Llowes Settlement to 1750
Clwyd Powys Archaeological Trust Historic Settlements Survey - Radnorshire


SO 192417


Set on the west side of the Wye just above the valley floor, Llowes church and the village that surrounds it occupy a spur between the main valley and a dingle formed by a small tributary that runs off the lower slopes of The Begwms to the north-west. Below the churchyard the stream loops around and takes a north-easterly route to the Wye providing a low promontory on which the church was established. The village has grown up on both banks of the stream and is now expanding up the hill behind the church.
Hay-on-Wye lies about 4km off to the east on the opposite bank of the river, while Glasbury and another bridging point is 3km to the south-west.
This brief report examines Llowes’ emergence and development up to 1750. For the more recent history of the settlement, it will be necessary to look at other sources of information and particularly at the origins and nature of the buildings within it. The accompanying map is offered as an indicative guide to the historic settlement. The continuous line defining the historic core offers a visual interpretation of the area within which the settlement developed, based on our interpretation of the evidence currently to hand.
It is not an immutable boundary line, and may need to be modified as new discoveries are made. The map does not show those areas or buildings that are statutorily designated, nor does it pick out those sites or features that are specifically mentioned in the text.
We have not referenced the sources that have been examined to produce this report, but that information will be available in the Historic Environment Record (HER) maintained by the Clwyd-Powys Archaeological Trust.
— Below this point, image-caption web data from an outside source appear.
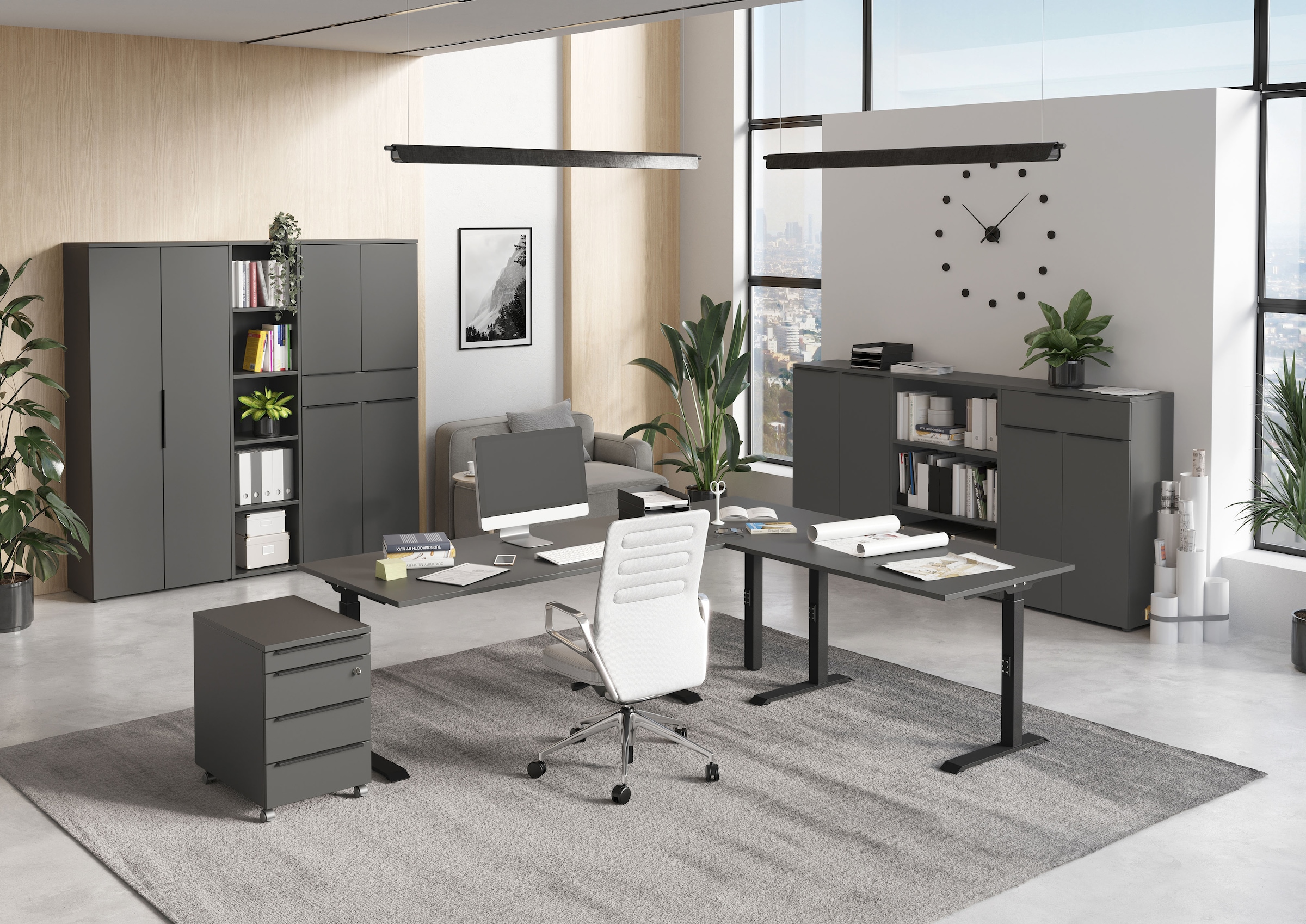 GERMANIA Bureau »Mailand« Mechanisch höheneinstellbarer Winkelschreibtisch mit einem Stützfuss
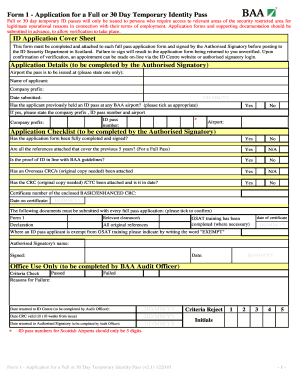 Form 1 - Application for a Full or 30 Day Temporary Identity Pass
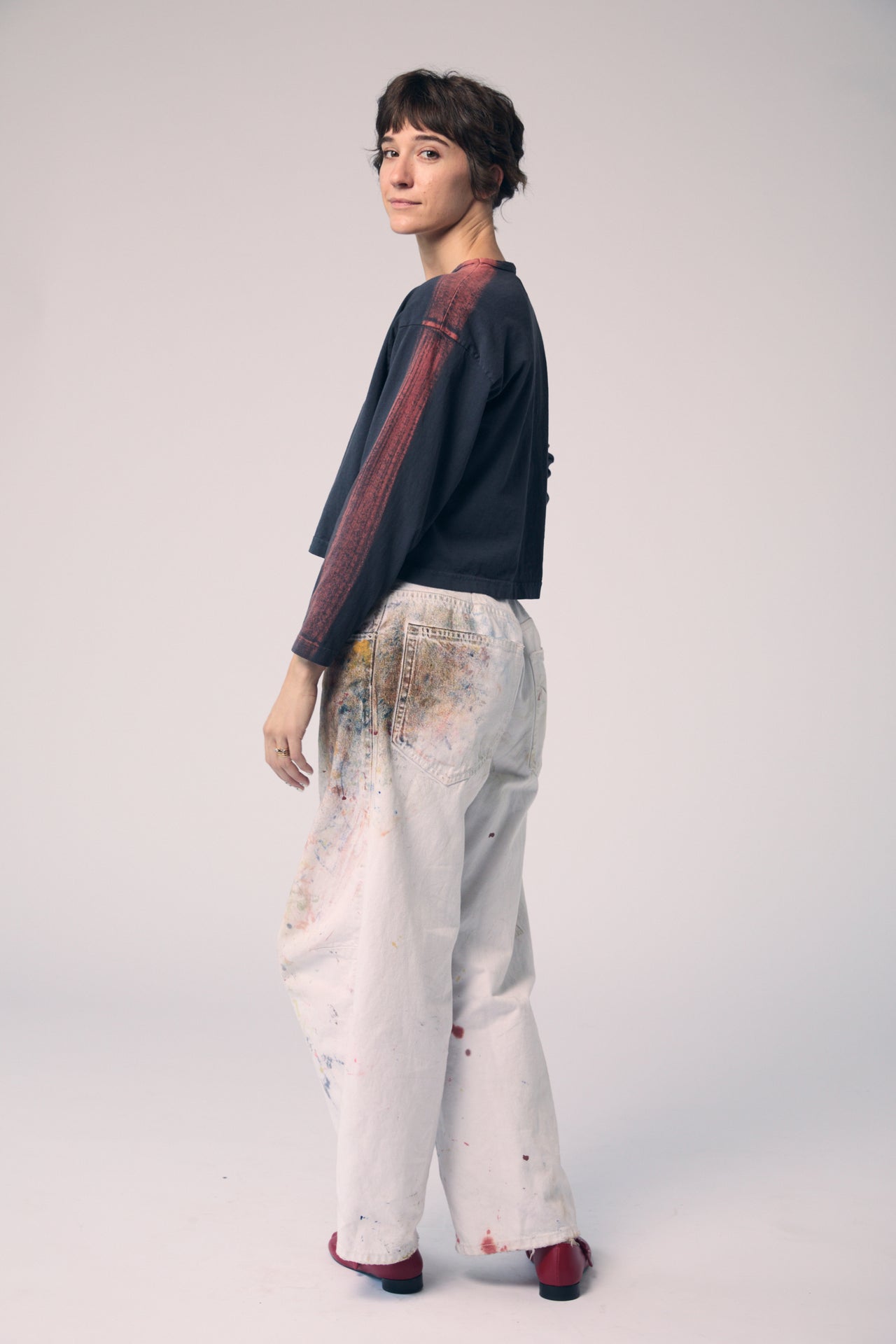 Long Sleeve Brushstroke Top - Iron and Rust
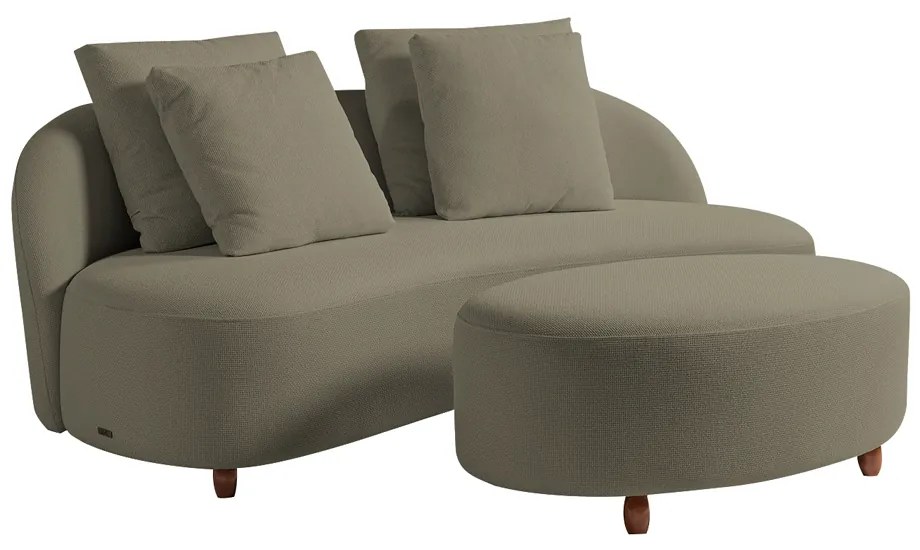 Sofá Living Sala de Estar Rocca 192cm com Puff Pés Madeira Linho Rústico Castor G92 - Gran Belo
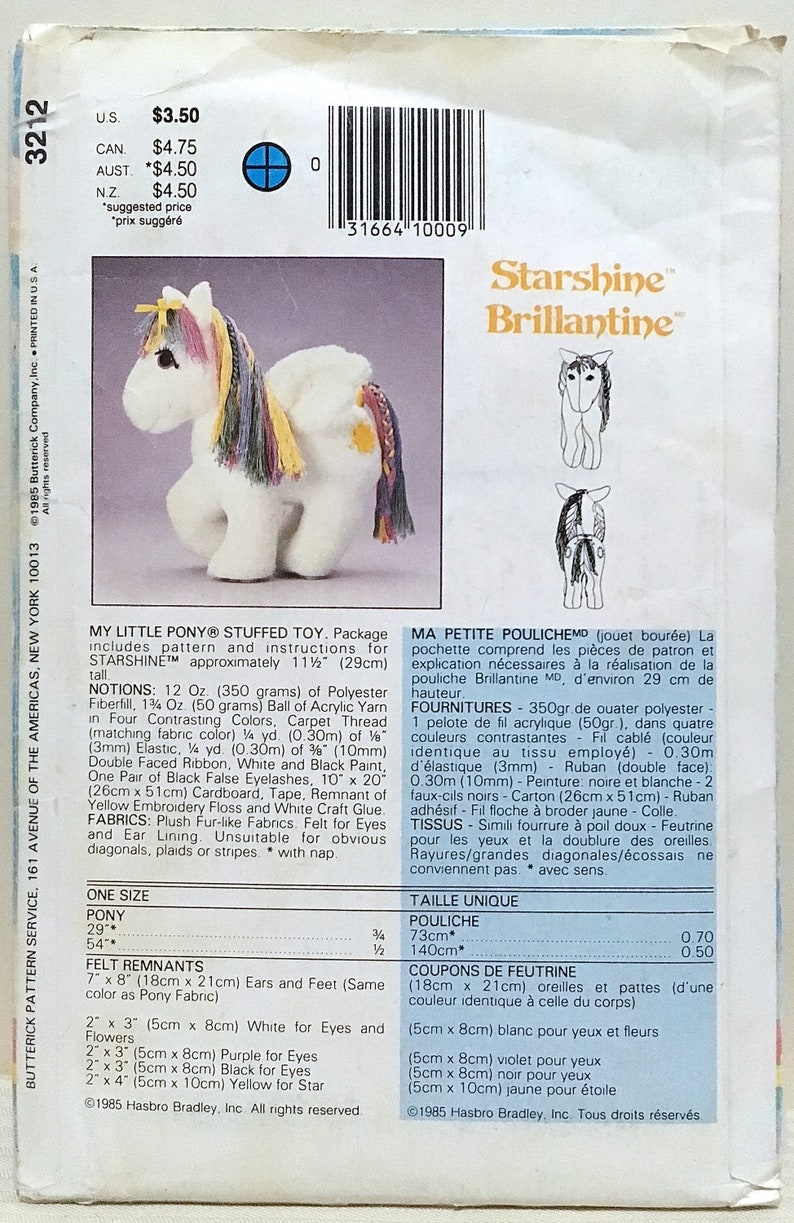Butterick 3212 My Little Pony Starshine sewing pattern stuffed horse UNCUT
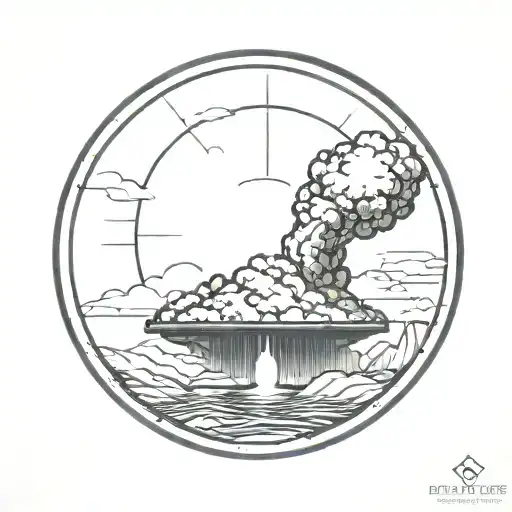 a nuclear explosion contained within a perfect circle tattoo design idea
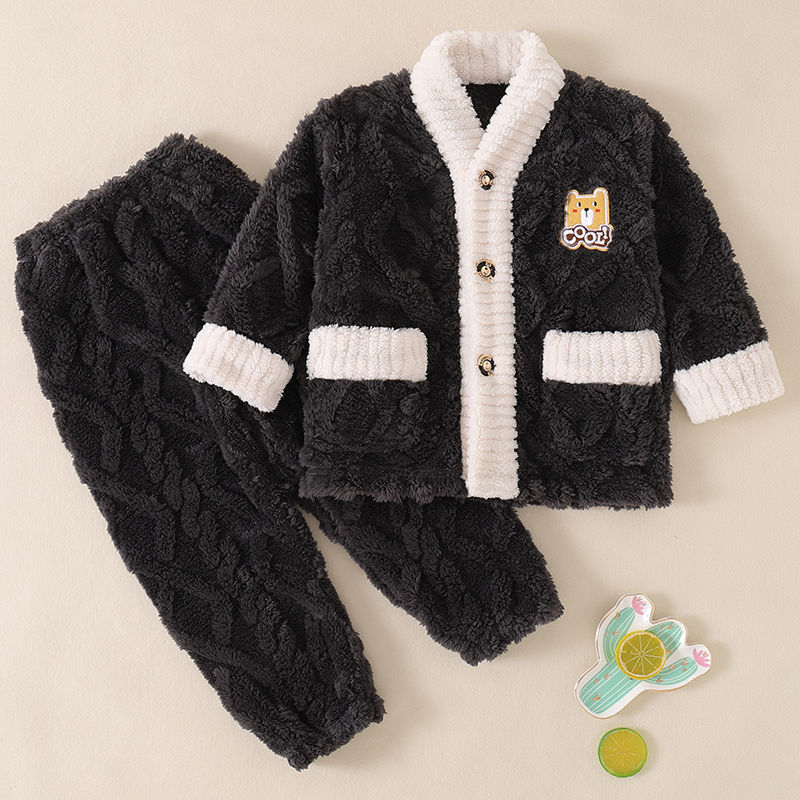 儿童睡衣法兰绒套装男女童卡通秋冬珊瑚绒家居服宝宝加绒加厚秋季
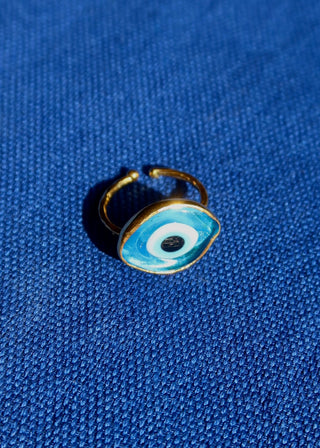 Glass Evil Eye Ring (Adjustable)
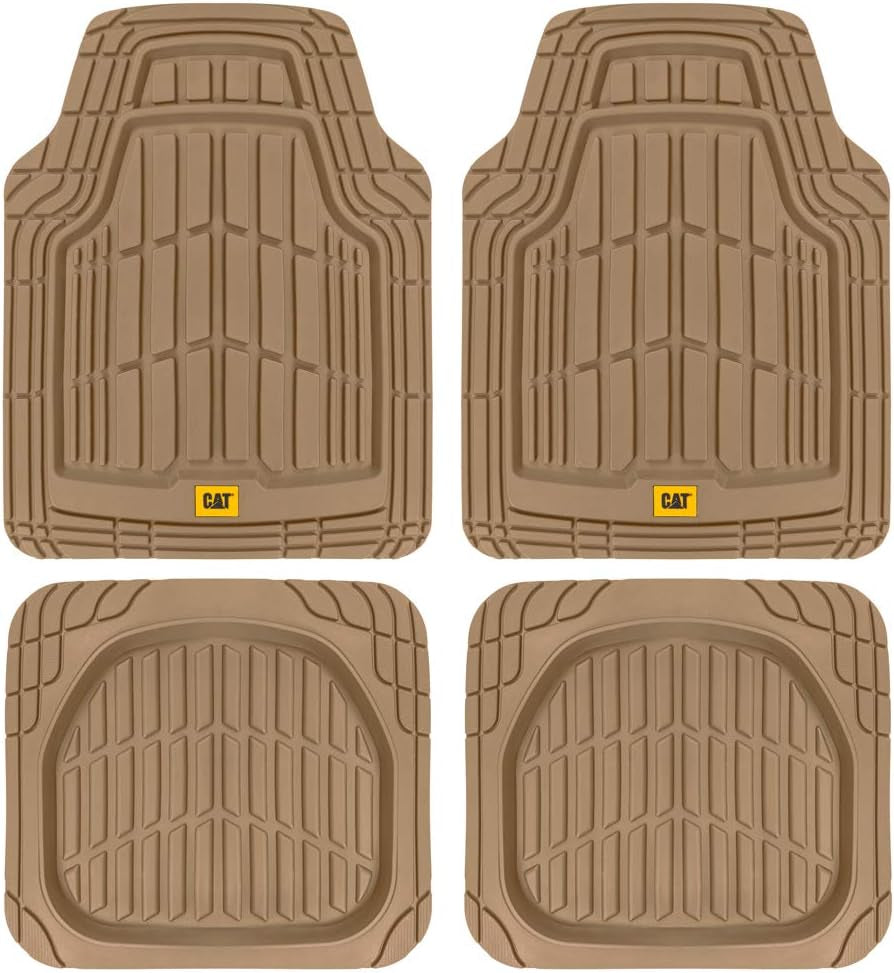 ® Toughride™ Heavy-Duty 4 Piece Rubber All Season Floor Mats for Car Truck Van SUV, Black - Premium Trim to Fit Car Floor Mat, All Weather Deep Dish Automotive Floor Mats, Total Dirt Protection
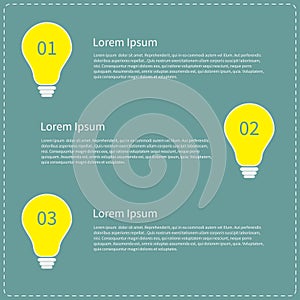 Three step business infographic with yellow light bulb. Idea concept.
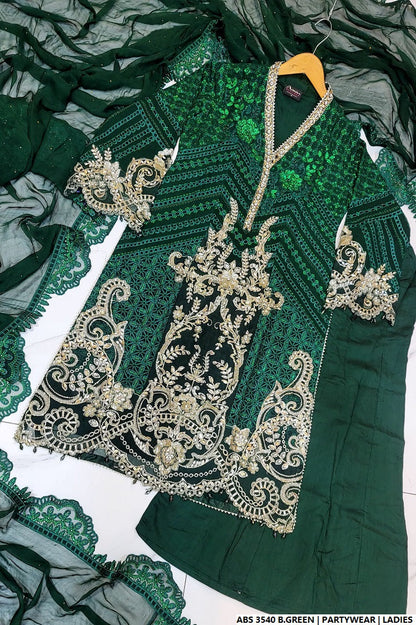 Pakistani women's bottle green organza straight shirt back view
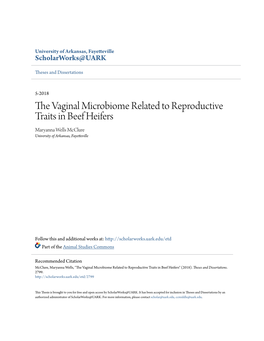 The Vaginal Microbiome Related to Reproductive Traits in Beef Heifers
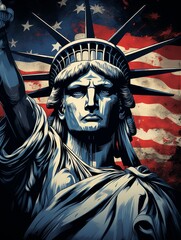 Obraz premium Statue of Liberty on Black Background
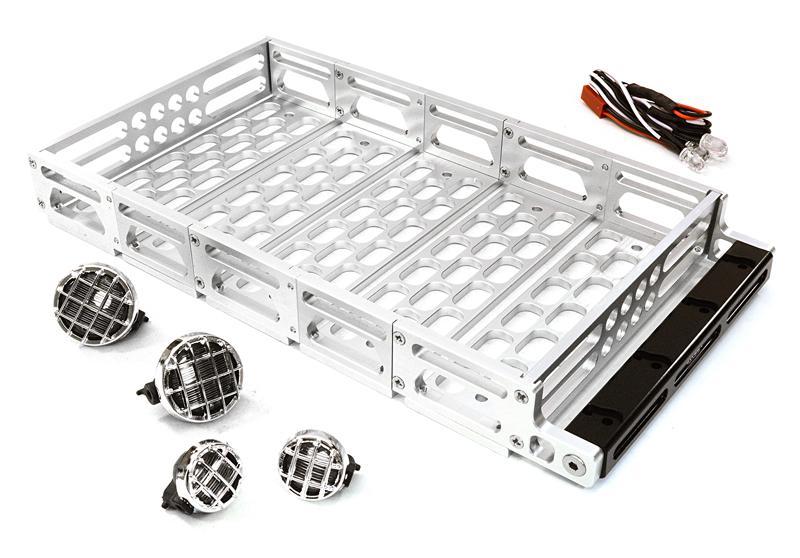 Realistic 1/10 Scale Alloy Luggage Tray 192x106x24mm with 4 LED Spot Light Set C26900SILVER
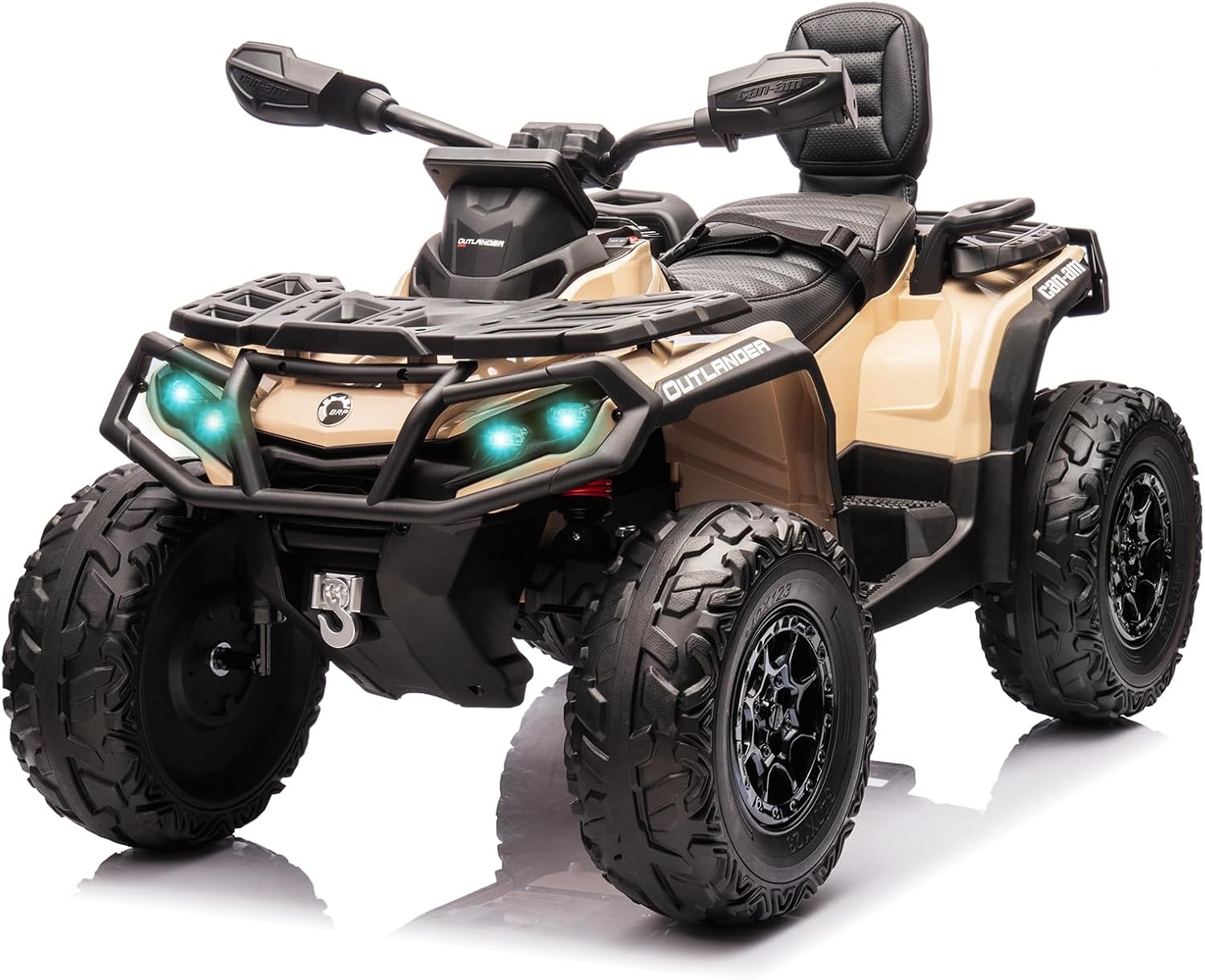 Qeetex RIDEPTO333ERJUP 12V Kids Electric ATV With Two Leather Seats Bluetooth Music Led Lights Adjustable Speeds And Durable Tires For Ages 3 To 8 Brown
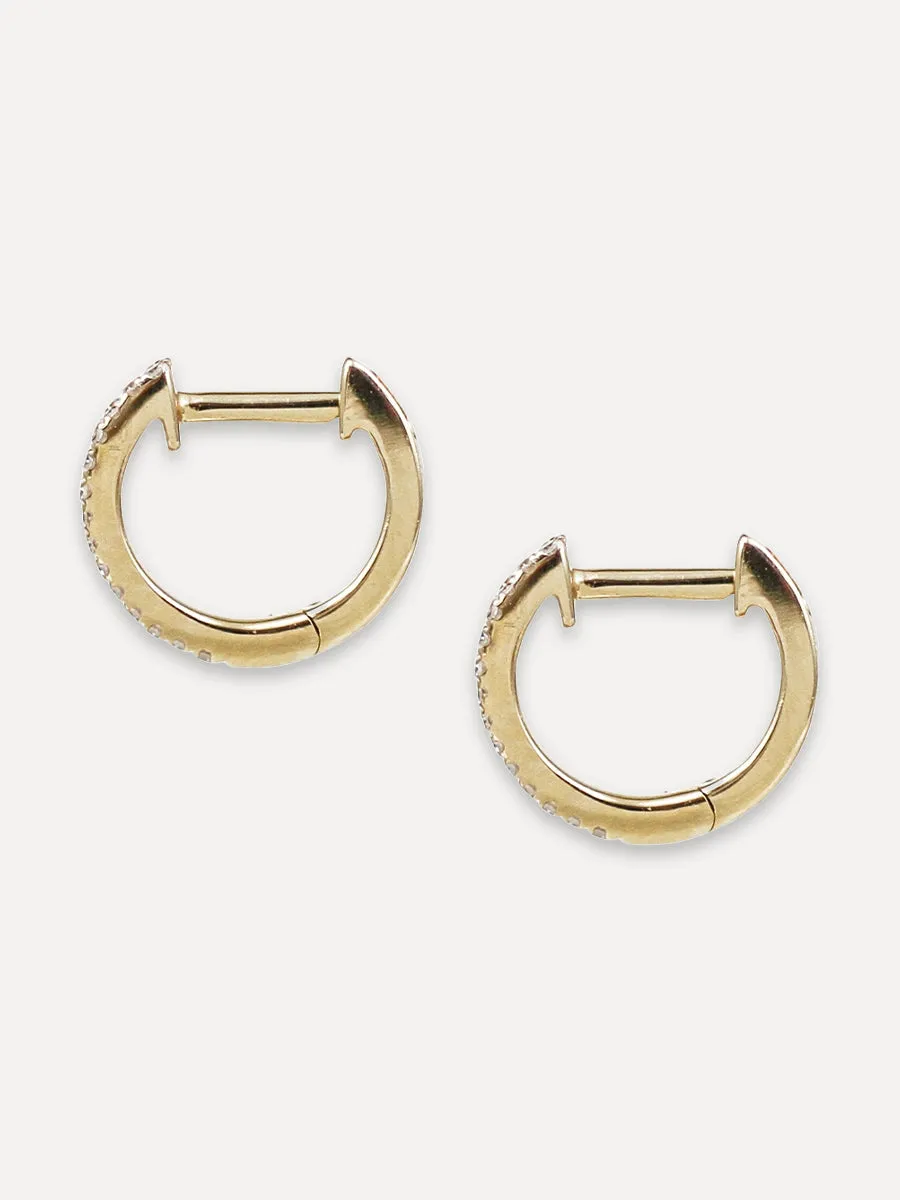 14K Diamond Double Row Mini Huggie Hoops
Numbers in brackets are primary record numbers used in the HER to provide information that is specific to individual sites and features. These can be accessed on-line through the Archwilio website (www.archwilio.org.uk).

Llowes church, photo 94-C-0039, © CPAT, 2011

Reproduced by permission of Ordnance Survey® on behalf of HMSO.
© Crown copyright and database right 2009. All rights reserved.
Welsh Assembly Government. Licence number 100017916

History of development
St Meilig is said to have come from Clydeside in c.AD 650 and he or his successors are believed to have established a clas community at Llowes. Whilst the church is fficially dedicated to St Meilig, the name of the settlement reflects an obscure holy man St Llywes (Lyuhes) who was supposedly already established here when he was joined by Meilig. This in turn appears to be linked to old Welsh loches/llochwes meaning ‘ a refuge or place of safety’. It is mentioned both in the Liber Landavensis and by Geraldus Cambrensis. The former has it as podum liuhess in eluail with a date broadly in the second quarter of the 12th century, and Geraldus referred to it as Locheis. In the papal taxation of 1291 it was named as both Lewas and Lockwas.
There is a reference, unsubstantiated, to the fact that an anchorite named Wechelen had a hermitage here in the 12th century (4347). The nature of the subsequent development of the settlement can only be guessed at. In a survey of 1816, it consisted of a church, public house, mill and nine dwellings. Unlike some settlements there is no suggestive patterning, and the only archaeological work in the village – a watching brief in 2000 – failed to identify any medieval or later traces of activity next to Mill Cottages.

The Heritage to 1750
No traces of the early medieval 'clas' community have been recognised. It can be no more than supposition, albeit a reasonable one, that it lay on the spot now occupied by the church. The nave and chancel of St Meilig's church (16039) were rebuilt between 1853 and 1855, but the west tower is medieval, its later stage added in the Perpendicular style. In addition to the cross (see below), there is an early 13th-century font within the church, but little else of any great interest. The church also houses a remarkable, 11th century decorated cross-slab with a large cross in high relief (399; SAM Rd100). It was moved from the churchyard into the church in 1956, but a local tradition reported in the church is that it was originally set on Bryn-y-rhydd Common, the higher ground to the south-west of the village, at a place called Croesfeilig and was moved to the churchyard at some unknown date.
The churchyard (16206) is raised high above the general ground level on its south-east side, but elsewhere its elevation is much less pronounced. Notwithstanding this, it has a strong curvilinear appearance and the linear alignments on its north side hint at modifications to what is essentially an early-medieval design.
The Old Vicarage (16073; Grade II listing) incorporates a late medieval, cruck-framed hall house, perhaps of 16th-century date if not earlier.
The much altered Radnor Arms Inn (36594; Grade II listing) was said to have a 15th- or 16th-century main range by Cadw, but the Royal Commission claim a 17th-century date for it.
Llowes Mill (23005), abandoned in the 1920s, is undated. Llowes Court (25863) is also 16th-century, but at a distance of 300m it falls outside the settlement.
A former orchard above Mill Cottages (OS plot 1082) contains what appear to be terraces and platforms (16207), probably the sites of earlier medieval dwellings. East of the church and on the opposite side of the main road (OS plot 3675), the scarp above the stream may have been levelled for use (16209); and a rather more distinctive terraced platform (PAR 16208) is visible higher up the hillside where it is crossed by a footpath. A further platform (16210) in Fron Wood is less convincing.